<<<<

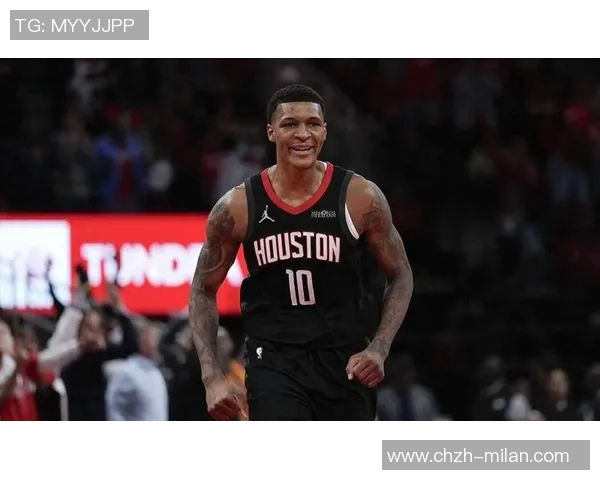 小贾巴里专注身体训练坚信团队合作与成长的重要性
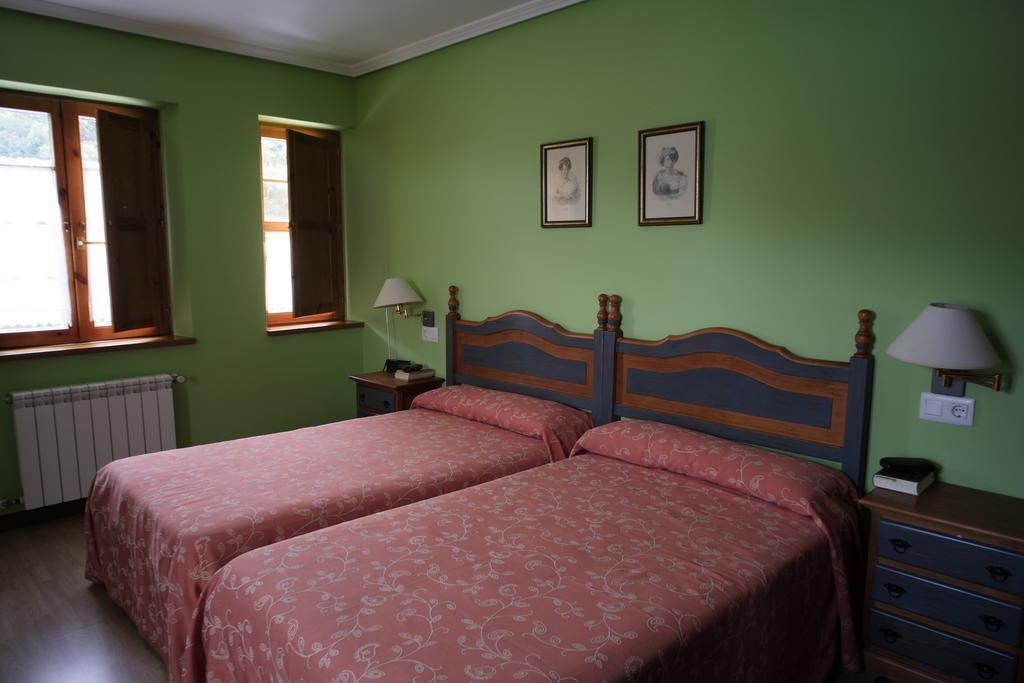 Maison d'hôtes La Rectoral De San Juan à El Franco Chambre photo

>>>>
<<<<

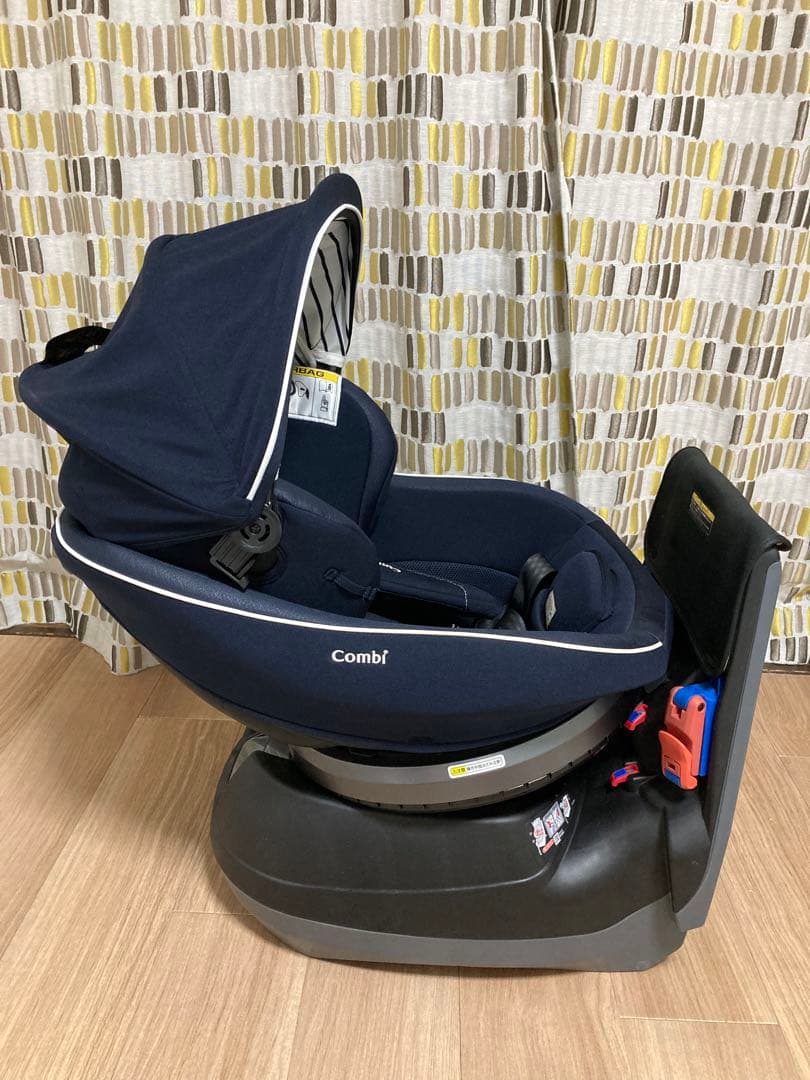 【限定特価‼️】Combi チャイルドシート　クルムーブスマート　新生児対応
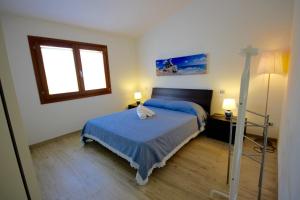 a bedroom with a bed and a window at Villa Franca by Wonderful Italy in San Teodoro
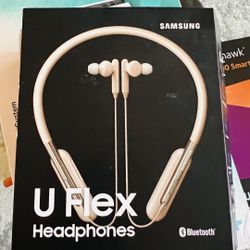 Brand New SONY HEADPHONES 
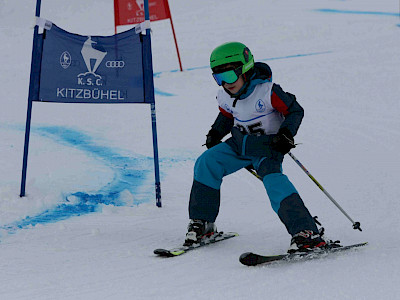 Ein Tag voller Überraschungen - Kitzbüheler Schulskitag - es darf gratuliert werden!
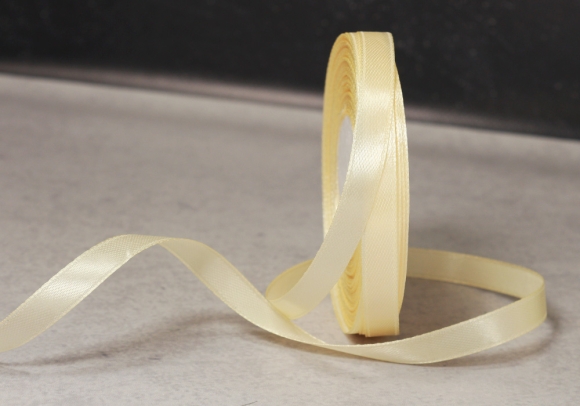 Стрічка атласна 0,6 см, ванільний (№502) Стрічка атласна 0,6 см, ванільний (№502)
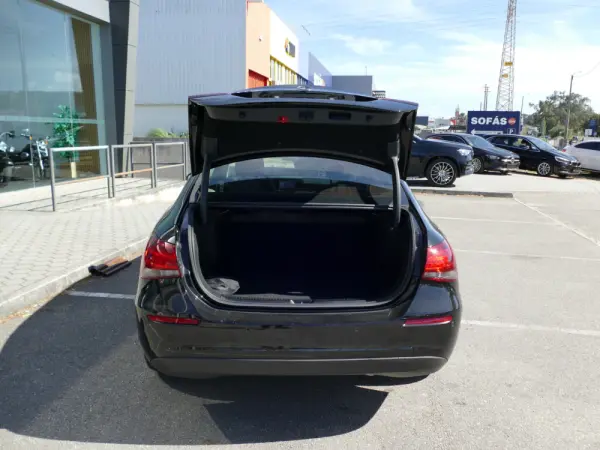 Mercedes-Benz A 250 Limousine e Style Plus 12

>>>>
<<<<

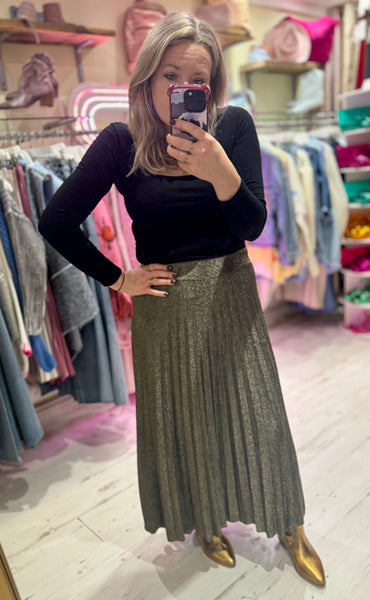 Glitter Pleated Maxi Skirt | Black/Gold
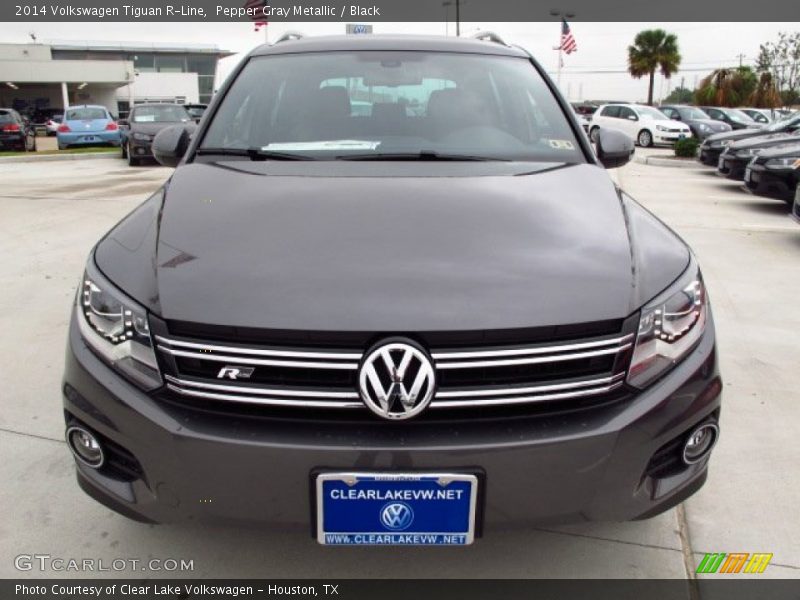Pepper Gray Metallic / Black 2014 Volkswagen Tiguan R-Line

>>>>

» TASK DETAILS
The lines to reproduce run from the one above containing "Ein Tag voller" through the one containing "Mercedes-Benz A 250". Copy them exactly and leave out all pictures.

» YOUR RESPONSE
 Ein Tag voller Überraschungen - Kitzbüheler Schulskitag - es darf gratuliert werden!
 Стрічка атласна 0,6 см, ванільний (№502) Стрічка атласна 0,6 см, ванільний (№502)
 Mercedes-Benz A 250 Limousine e Style Plus 12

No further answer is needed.